Hey, Rejection, I understand. Life is tough. It’s been hard for you, too. Having to send all those form letters informing the writers that you appreciate them choosing to submit, but that their story/poem/essay/art isn’t a good fit for the magazine/review/journal. Printing those rejections and cutting the paper into little strips…that takes a lot of time. And the paper cuts! Let me just say that I feel your pain. You at least have the courtesy to reply, right? A little form letter is better than nothing, right? You’re a prince compared to the ignored submission. Oh, sorry, I don’t have time to tell you that your story isn’t good enough. You’ll just have to wonder. What’s up with that guy? I’m taking him off the Christmas card list.
I have to say that I respect the work you do, Rejection. As the world of letters begins to go digital, you’re keeping up with the times. People no longer work just from their offices.

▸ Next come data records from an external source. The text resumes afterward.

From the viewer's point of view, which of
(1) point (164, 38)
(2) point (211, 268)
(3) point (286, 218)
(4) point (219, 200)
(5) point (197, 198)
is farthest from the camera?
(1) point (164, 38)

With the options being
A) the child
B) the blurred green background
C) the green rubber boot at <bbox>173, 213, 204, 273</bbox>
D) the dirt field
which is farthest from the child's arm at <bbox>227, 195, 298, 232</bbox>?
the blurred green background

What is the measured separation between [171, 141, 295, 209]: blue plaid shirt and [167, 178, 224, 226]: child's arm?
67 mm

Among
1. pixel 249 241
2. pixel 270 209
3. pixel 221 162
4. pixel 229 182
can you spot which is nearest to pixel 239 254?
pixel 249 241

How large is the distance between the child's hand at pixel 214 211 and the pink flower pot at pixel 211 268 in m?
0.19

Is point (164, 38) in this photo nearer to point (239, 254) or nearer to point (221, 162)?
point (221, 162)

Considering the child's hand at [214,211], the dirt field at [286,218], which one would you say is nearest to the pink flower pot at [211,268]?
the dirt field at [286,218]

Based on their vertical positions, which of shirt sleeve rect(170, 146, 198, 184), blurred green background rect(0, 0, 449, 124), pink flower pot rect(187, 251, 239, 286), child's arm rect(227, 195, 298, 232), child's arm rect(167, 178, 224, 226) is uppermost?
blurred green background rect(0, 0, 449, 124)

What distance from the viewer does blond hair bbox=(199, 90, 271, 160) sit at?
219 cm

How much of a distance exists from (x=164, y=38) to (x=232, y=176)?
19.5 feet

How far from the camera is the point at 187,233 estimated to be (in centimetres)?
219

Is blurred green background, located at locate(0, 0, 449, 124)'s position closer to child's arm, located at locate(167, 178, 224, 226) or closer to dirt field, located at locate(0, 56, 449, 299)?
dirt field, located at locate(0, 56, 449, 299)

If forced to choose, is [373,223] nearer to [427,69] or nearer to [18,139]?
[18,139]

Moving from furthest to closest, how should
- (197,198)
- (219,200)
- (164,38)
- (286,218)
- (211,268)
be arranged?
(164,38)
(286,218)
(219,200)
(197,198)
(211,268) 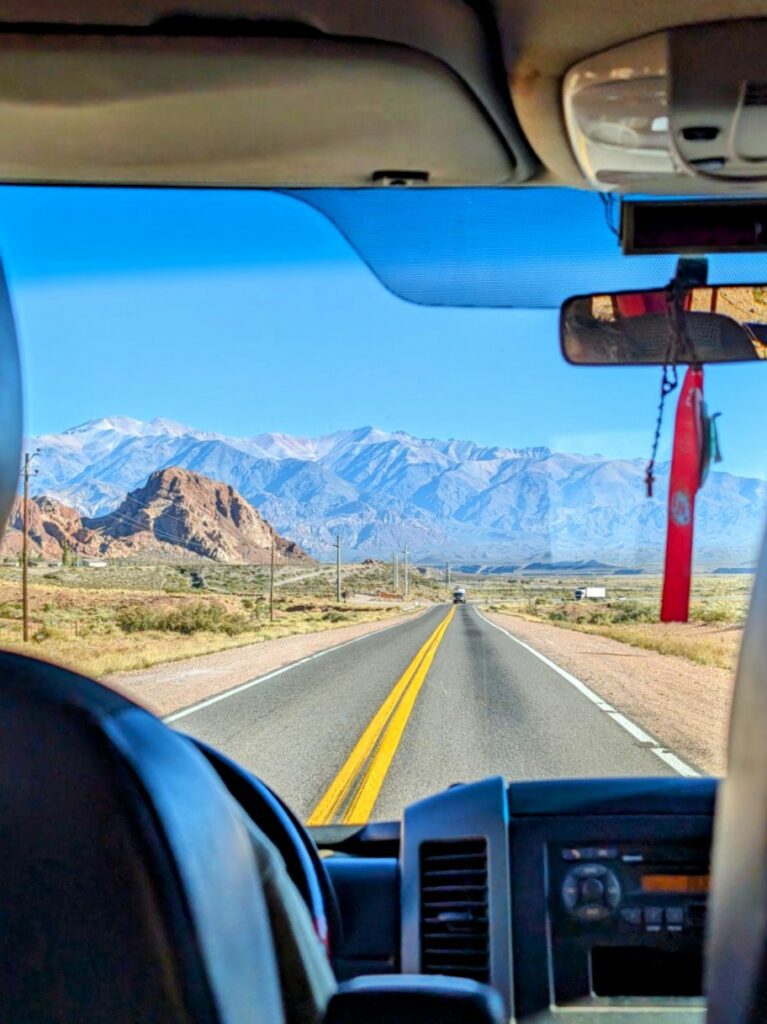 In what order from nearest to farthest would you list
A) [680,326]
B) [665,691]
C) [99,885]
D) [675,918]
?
[99,885] < [680,326] < [675,918] < [665,691]

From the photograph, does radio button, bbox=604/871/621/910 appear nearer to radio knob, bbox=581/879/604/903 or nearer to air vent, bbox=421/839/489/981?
radio knob, bbox=581/879/604/903

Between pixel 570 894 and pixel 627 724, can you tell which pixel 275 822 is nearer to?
pixel 570 894

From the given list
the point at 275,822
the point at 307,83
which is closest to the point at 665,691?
the point at 307,83

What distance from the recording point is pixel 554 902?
119 inches

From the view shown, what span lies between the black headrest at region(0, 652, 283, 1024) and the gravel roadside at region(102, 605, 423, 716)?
5.21 metres

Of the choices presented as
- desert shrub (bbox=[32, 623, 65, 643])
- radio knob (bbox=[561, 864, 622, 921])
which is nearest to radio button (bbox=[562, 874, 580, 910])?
radio knob (bbox=[561, 864, 622, 921])

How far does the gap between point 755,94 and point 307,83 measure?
102 centimetres

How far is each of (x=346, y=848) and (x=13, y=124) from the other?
7.10 feet

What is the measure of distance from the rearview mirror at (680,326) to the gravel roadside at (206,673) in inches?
167

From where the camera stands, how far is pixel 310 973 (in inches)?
63.7

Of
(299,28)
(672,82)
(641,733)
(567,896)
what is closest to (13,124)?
(299,28)

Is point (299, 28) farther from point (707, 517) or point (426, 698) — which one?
point (426, 698)

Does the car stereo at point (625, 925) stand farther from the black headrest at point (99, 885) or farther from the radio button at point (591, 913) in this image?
the black headrest at point (99, 885)

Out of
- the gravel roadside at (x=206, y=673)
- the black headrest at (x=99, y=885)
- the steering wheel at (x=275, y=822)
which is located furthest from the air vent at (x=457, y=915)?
the gravel roadside at (x=206, y=673) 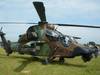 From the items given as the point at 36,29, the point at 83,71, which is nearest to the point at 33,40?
the point at 36,29

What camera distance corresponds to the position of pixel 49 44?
2041 cm

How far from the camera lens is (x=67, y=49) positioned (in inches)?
768

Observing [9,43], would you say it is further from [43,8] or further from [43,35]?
[43,8]

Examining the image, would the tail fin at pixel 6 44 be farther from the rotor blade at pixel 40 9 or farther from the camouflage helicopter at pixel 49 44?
the rotor blade at pixel 40 9

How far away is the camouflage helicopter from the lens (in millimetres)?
19188

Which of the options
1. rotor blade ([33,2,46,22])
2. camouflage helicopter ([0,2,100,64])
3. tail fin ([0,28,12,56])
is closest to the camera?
rotor blade ([33,2,46,22])

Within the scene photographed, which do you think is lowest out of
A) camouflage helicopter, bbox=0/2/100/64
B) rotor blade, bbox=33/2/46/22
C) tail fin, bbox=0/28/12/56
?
tail fin, bbox=0/28/12/56

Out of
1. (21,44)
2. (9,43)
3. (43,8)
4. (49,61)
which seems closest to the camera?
(43,8)

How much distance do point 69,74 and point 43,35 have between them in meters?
5.44

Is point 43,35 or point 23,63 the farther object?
point 43,35

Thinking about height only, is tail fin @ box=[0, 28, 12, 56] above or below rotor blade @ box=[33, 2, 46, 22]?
below

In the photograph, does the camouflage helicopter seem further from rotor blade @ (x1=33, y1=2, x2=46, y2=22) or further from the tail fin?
the tail fin

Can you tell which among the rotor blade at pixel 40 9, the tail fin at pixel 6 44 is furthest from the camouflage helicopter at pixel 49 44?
the tail fin at pixel 6 44

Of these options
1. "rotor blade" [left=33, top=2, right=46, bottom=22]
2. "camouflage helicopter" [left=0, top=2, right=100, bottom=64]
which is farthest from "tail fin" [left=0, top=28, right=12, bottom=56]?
"rotor blade" [left=33, top=2, right=46, bottom=22] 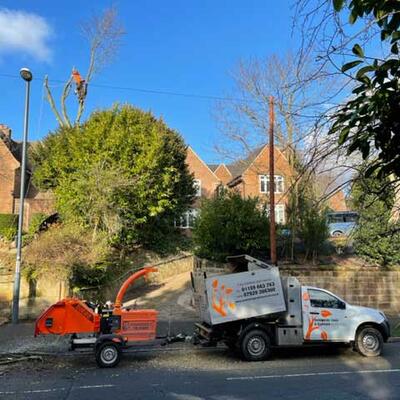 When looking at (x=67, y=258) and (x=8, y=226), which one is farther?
(x=8, y=226)

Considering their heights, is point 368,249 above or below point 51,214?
below

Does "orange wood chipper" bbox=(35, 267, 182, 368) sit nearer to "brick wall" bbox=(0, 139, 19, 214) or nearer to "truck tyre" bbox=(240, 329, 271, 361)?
"truck tyre" bbox=(240, 329, 271, 361)

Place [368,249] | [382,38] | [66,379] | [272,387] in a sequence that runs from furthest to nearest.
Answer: [368,249] < [66,379] < [272,387] < [382,38]

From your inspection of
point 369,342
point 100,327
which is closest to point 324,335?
point 369,342

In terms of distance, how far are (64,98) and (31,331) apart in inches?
913

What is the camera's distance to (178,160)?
28469 mm

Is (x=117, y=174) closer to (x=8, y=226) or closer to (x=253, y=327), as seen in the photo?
(x=8, y=226)

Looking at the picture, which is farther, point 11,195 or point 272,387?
point 11,195

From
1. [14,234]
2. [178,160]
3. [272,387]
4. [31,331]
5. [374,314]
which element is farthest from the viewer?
[178,160]

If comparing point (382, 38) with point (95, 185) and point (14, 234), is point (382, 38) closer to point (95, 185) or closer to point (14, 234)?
point (95, 185)

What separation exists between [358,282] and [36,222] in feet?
53.0

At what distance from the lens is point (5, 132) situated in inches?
1507

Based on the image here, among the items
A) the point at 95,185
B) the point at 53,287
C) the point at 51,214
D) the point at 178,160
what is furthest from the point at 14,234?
the point at 178,160

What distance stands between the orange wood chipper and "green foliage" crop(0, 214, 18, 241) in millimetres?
14533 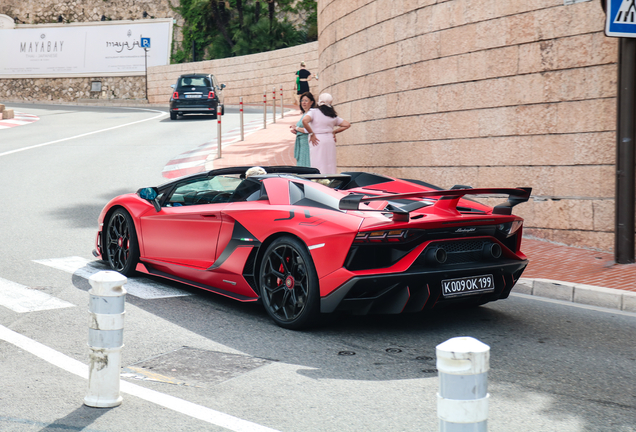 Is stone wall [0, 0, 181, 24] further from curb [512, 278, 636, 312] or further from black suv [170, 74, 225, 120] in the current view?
curb [512, 278, 636, 312]

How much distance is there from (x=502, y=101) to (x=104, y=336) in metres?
7.30

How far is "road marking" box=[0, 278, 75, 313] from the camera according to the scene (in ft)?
19.3

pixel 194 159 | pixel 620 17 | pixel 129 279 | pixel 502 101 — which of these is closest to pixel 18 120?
pixel 194 159

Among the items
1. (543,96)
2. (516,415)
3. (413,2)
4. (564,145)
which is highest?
(413,2)

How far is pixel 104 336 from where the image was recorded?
3.75 metres

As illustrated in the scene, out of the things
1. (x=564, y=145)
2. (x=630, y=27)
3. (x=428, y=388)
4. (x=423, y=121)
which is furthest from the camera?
(x=423, y=121)

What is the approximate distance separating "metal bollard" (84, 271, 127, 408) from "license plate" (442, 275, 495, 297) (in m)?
2.31

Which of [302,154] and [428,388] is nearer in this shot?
[428,388]

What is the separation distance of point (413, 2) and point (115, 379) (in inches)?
347

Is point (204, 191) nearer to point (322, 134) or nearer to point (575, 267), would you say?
point (575, 267)

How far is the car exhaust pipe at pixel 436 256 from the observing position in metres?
5.03

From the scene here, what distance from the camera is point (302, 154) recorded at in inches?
476

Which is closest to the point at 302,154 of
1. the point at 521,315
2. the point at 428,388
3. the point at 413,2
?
the point at 413,2

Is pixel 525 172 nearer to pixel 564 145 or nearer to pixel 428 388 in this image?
pixel 564 145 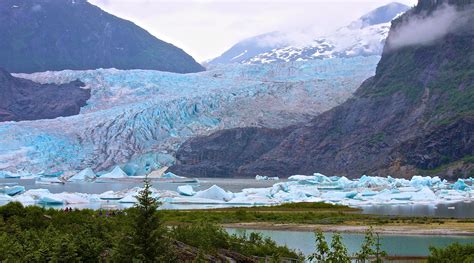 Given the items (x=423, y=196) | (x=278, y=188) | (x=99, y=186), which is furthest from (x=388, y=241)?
(x=99, y=186)

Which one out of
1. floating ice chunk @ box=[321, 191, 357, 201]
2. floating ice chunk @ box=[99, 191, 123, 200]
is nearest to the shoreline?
floating ice chunk @ box=[99, 191, 123, 200]

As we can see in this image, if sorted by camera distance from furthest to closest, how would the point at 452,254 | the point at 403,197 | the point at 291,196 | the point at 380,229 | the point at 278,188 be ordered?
the point at 278,188
the point at 291,196
the point at 403,197
the point at 380,229
the point at 452,254

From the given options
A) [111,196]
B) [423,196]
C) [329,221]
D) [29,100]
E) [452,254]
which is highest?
[29,100]

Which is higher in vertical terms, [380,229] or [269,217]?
[269,217]

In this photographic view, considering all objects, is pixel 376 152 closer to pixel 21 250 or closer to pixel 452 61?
pixel 452 61

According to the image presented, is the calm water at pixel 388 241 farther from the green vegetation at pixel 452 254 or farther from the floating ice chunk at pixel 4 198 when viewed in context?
the floating ice chunk at pixel 4 198

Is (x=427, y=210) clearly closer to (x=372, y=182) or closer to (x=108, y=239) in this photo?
→ (x=372, y=182)

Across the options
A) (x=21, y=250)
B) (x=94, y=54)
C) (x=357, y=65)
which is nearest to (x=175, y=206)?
(x=21, y=250)

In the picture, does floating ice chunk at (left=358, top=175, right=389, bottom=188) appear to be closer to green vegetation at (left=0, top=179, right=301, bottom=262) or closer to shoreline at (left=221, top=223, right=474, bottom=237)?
shoreline at (left=221, top=223, right=474, bottom=237)
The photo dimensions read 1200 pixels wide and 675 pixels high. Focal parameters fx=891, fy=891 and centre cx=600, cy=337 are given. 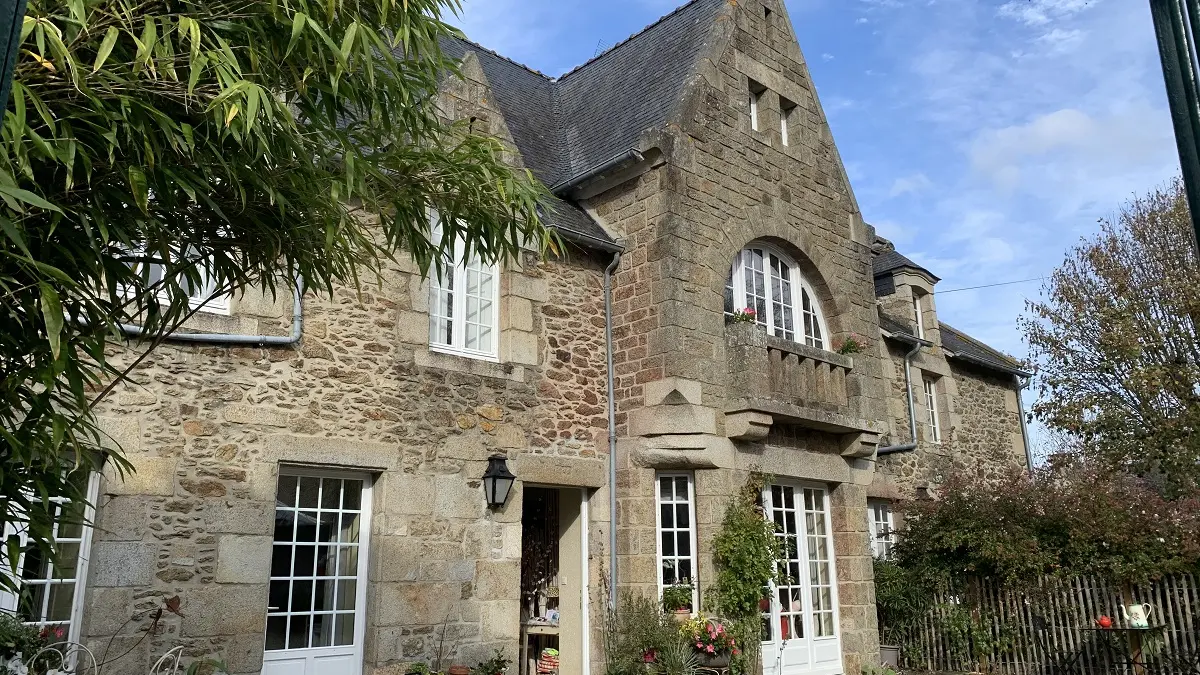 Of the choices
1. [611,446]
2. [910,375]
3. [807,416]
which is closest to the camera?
[611,446]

They’re taking their jobs with them to the beaches and subways and Popeye’s franchises that they love. They’re working from free wi-fi hotspots and from cell phones with unlimited data plans. You’ve had to keep up too! Don’t think I haven’t noticed. Take today, for instance. You came via email. It looked something like this:
Apologies for not reverting sooner.
I’m afraid the _________ Press list is filled.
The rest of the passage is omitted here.